The problem. Every entry below should be reproduced exactly; no picture is to be included.

Exercise materials.

-------------------------

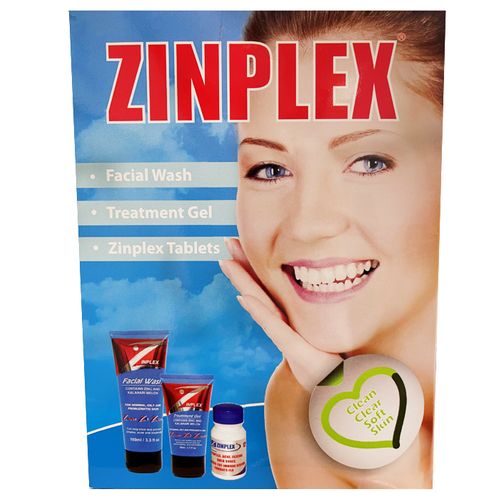 Zinplex Facial Wash, Treatment Gel & Tablets Combo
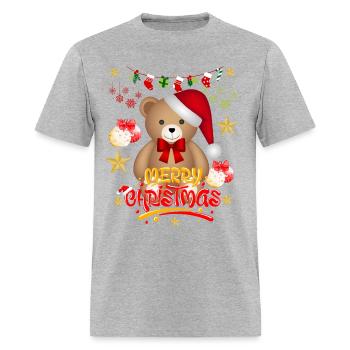 Teddy's Christmas Chee - Men's T-Shirt - heather gray - Front - Jose (178cm)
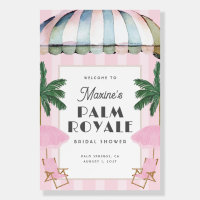 Palm Royale Party Foam Board Sign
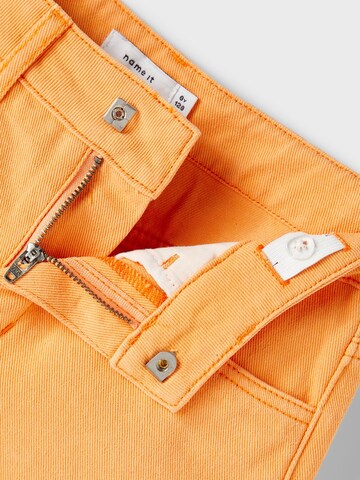 NAME IT Regular Shorts 'Randi' in Orange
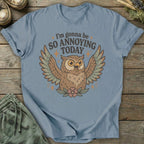 Printify T-Shirt Annoying Owl T-Shirt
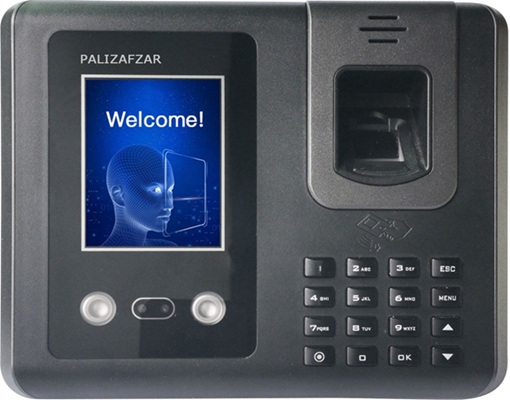 منوی دستگاه UFace 602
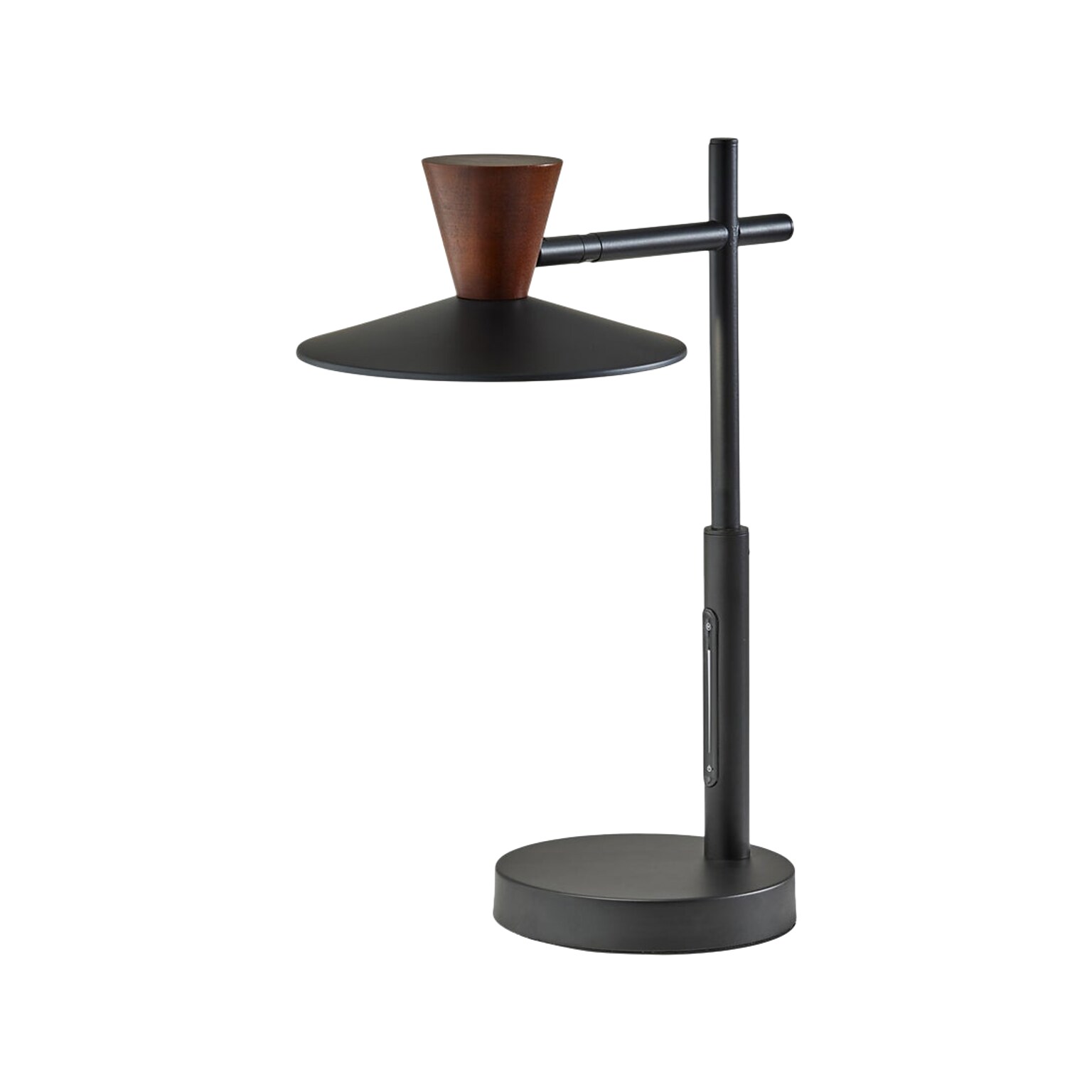 Adesso Elmore LED Desk Lamp, 16.5, Black/Walnut (5180-01)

-------------------------

Exercise response.
 Zinplex Facial Wash, Treatment Gel & Tablets Combo
 Teddy's Christmas Chee - Men's T-Shirt - heather gray - Front - Jose (178cm)
 Palm Royale Party Foam Board Sign
 NAME IT Regular Shorts 'Randi' in Orange
 Printify T-Shirt Annoying Owl T-Shirt
 منوی دستگاه UFace 602
 Adesso Elmore LED Desk Lamp, 16.5, Black/Walnut (5180-01)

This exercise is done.